#### WORK INSTRUCTIONS
Would you please transcribe the listing exactly, with no images?

#### MATERIAL TO PROCESS
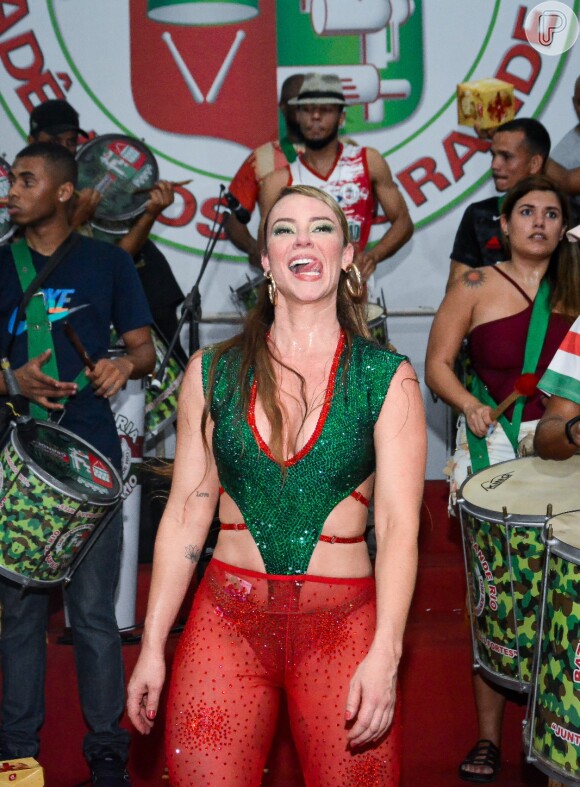 Carnaval 2022: Paolla Oliveira se divertiu na hora de sambar com a bateria na Grande Rio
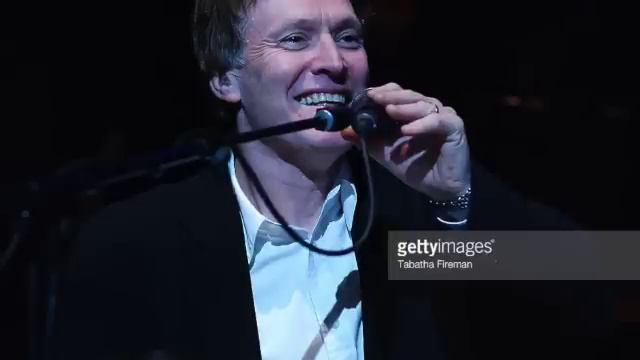 Steve Winwood  Funk Brothers - Shotgun Live 2004 CCH Hamburg Germany Feb 5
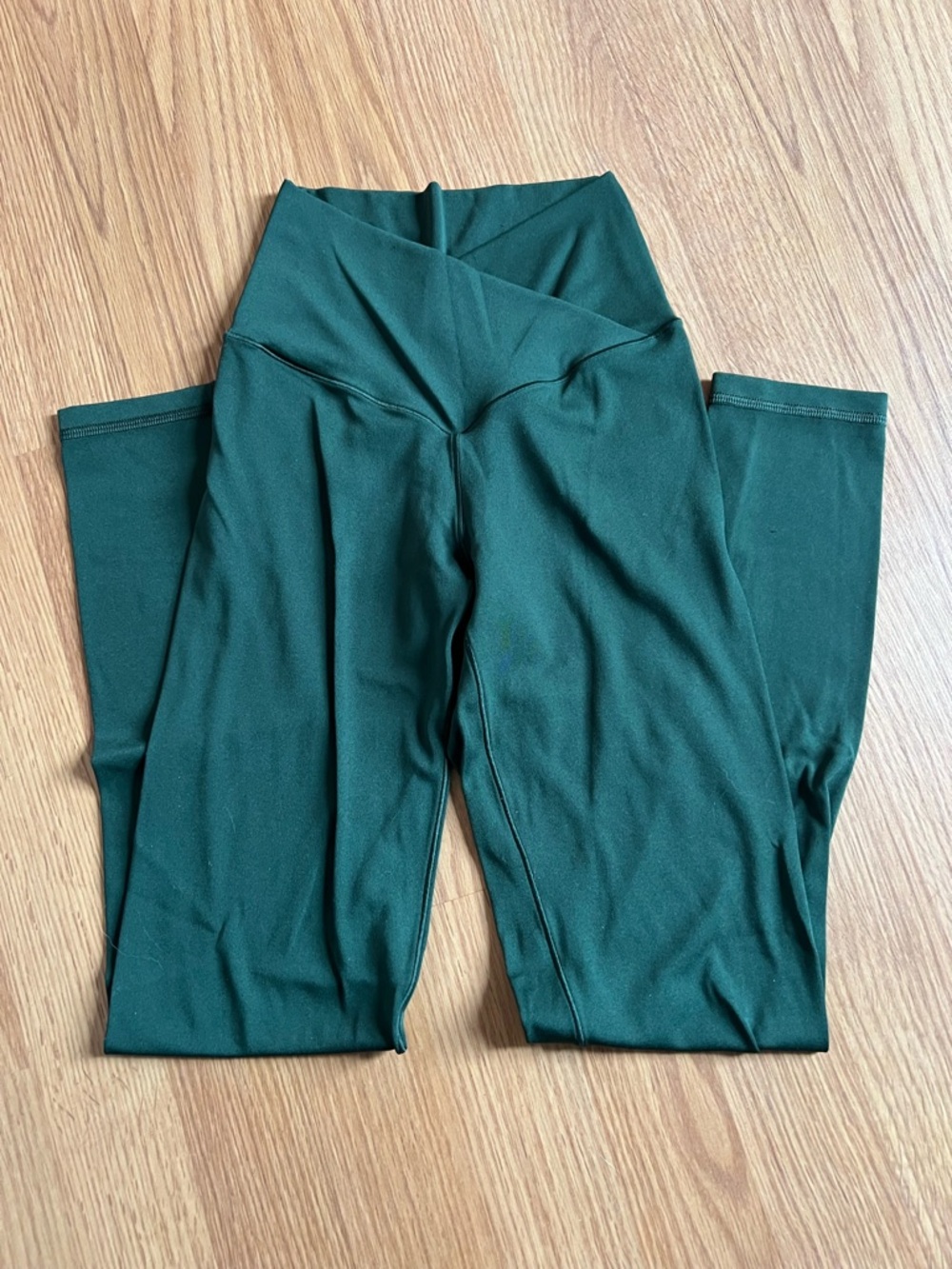 High-Waist Dark Green V-Cut Leggings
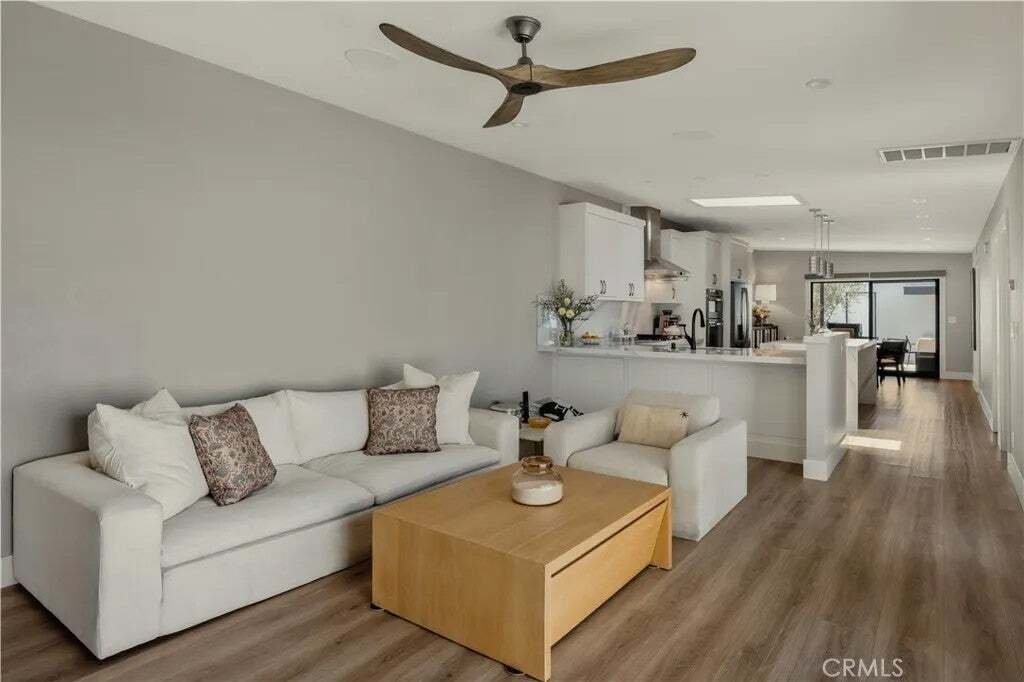 Condo in Huntington Beach, California, United States 3 - 18584602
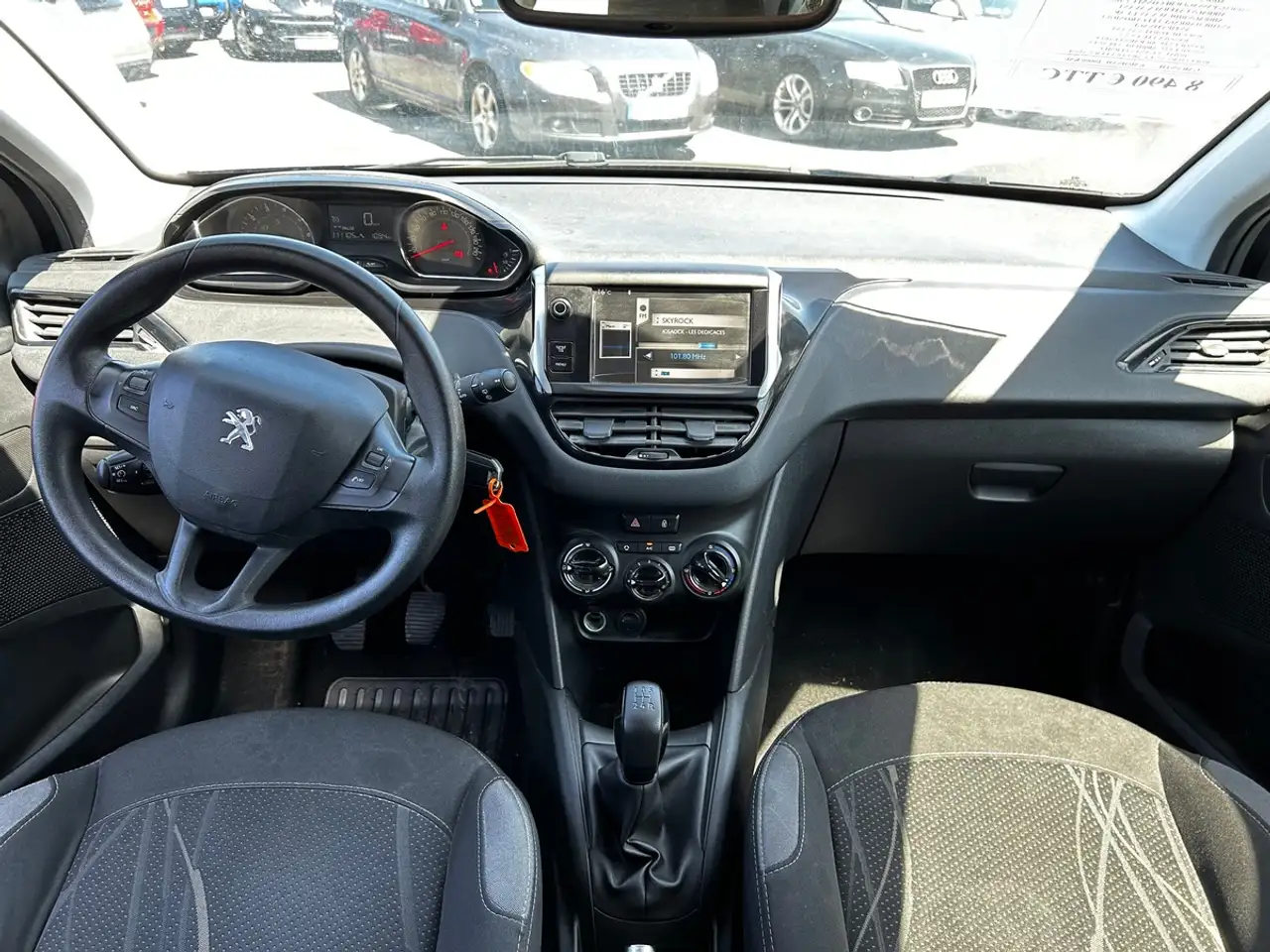 Peugeot 208 208 — photo 6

#### SOLUTION TO THE PROBLEM
 Carnaval 2022: Paolla Oliveira se divertiu na hora de sambar com a bateria na Grande Rio
 Steve Winwood  Funk Brothers - Shotgun Live 2004 CCH Hamburg Germany Feb 5
 High-Waist Dark Green V-Cut Leggings
 Condo in Huntington Beach, California, United States 3 - 18584602
 Peugeot 208 208 — photo 6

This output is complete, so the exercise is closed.